For 2013, the entry-priced Chrysler 300 sedan represents a lot of car for the money. Standard equipment includes keyless entry and start, a big 8.4-inch touchscreen with climate and music controls, Bluetooth phone and streaming audio, USB/iPod/SD card connectivity, dual-zone automatic climate control, leather seating, a 12-way power driver's seat with 4-way power lumbar support, tilt/telescopic steering wheel, cruise control, heated front seats, 17-inch painted aluminum wheels, one-touch up/down windows all around and a full complement of active and passive safety features including side-curtain airbags, driver's-knee airbag, hill-start assist and electronic stability control.

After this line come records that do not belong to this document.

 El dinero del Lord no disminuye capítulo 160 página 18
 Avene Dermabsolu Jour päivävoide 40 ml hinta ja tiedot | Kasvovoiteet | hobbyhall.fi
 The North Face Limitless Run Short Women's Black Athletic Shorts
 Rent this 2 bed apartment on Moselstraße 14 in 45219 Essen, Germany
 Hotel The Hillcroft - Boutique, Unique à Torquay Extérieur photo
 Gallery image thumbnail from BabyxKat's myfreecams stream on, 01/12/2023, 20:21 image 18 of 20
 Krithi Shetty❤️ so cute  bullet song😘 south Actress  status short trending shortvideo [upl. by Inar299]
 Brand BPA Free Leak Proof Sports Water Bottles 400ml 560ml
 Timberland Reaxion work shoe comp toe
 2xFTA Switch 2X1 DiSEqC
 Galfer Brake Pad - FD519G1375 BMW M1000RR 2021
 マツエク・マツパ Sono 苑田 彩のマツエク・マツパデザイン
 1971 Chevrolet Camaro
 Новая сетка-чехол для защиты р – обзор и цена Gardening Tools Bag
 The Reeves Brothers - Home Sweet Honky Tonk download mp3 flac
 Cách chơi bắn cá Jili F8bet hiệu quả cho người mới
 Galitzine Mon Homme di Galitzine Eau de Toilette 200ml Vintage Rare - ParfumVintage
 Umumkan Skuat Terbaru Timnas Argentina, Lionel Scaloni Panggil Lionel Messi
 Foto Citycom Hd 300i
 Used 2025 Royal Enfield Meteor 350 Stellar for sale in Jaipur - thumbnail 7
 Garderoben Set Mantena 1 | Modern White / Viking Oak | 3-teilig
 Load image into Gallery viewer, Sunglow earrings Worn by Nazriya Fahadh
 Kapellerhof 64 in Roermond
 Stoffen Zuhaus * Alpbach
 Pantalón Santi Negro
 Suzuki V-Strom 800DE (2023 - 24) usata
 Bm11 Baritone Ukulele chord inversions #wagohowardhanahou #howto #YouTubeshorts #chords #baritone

Notable Optional Equipment

In addition to the 363-horsepower V8 engine, all-wheel drive and navigation system a 2013 Chrysler 300C AWD loaded with all the options will include an impressive list of high-tech luxuries: Radar-based adaptive cruise control and forward collision warning systems up front, rear cross-path sensors out back and blind-spot monitoring to help out on the side. In-cabin highlights include heated and cooled cup holders and a 900-watt, 19-speaker harman/kardon audio system.

Under the Hood

The 2013 Chrysler 300's 3.6-liter Pentastar V6 is the most powerful base engine in the category. The 300S trim receives a cold-air induction unit and sport-tuned exhaust for an increase of eight horsepower. The 5.7-liter HEMI V8 has just slightly less horsepower than the Ford SHO's twin-turbocharged EcoBoost V6, but a substantially larger amount of torque. The SRT8's 6.4-liter monster pumps out 470 horsepower, more than anything in this class. On V6 trims a new 8-speed ZF transmission helps boost fuel economy figures to best in class. The V8-powered 300s retain a 5-speed Auto Stick automatic.

3.6-liter V6 (300, 300C)
292 horsepower @ 6,350 rpm
260 lb-ft of torque @ 4,800 rpm
EPA city/highway fuel economy: 19/31 mpg (RWD), 14/23 mpg (RWD, E85), 18/27 mpg (AWD), 14/20 mpg (AWD, E85)

3.6-liter V6 (300S)
300 horsepower @ 6,350 rpm
264 lb-ft of torque @ 4,800 rpm
EPA city/highway fuel economy: 19/31 mpg (RWD), 14/23 mpg (RWD, E85), 18/27 mpg (AWD), 14/20 mpg (AWD, E85)

5.7-liter V8 (300S, 300C)
363 horsepower @ 5,200 rpm
394 lb-ft of torque @ 4,200 rpm
EPA city/highway fuel economy: 16/25 mpg (RWD), 15/23 mpg (AWD)

6.4-liter V8 (SRT-8)
470 horsepower @ 6,000 rpm
470 lb-ft of torque @ 4,200 rpm
EPA city/highway fuel economy: 14/23 mpg

Pricing Notes

The very well-equipped 2013 Chrysler 300 has a Manufacturer's Suggested Retail Price (MSRP) of around $31,000. Add lots of options and you can eventually make your way up to about $50,000 for a fully-loaded 300C AWD. The SRT8 starts around $49,000. To make your best deal, be sure to check our Fair Purchase Price, which shows what other in your area are paying for the 300. The 2013 Chrysler 300's value proposition is strong on price and product, but takes a bit of a hit when considering resale values. However, Chrysler often has a number of incentives and rebates that can significantly reduce the actual transaction price, so be sure to check what is being offered. As for resale value, we expect the 2013 Chrysler 300 to hold average 5-year projected values, falling well below the Toyota Avalon and Hyundai Genesis, but nearly on par with the Ford Taurus and Buick LaCrosse.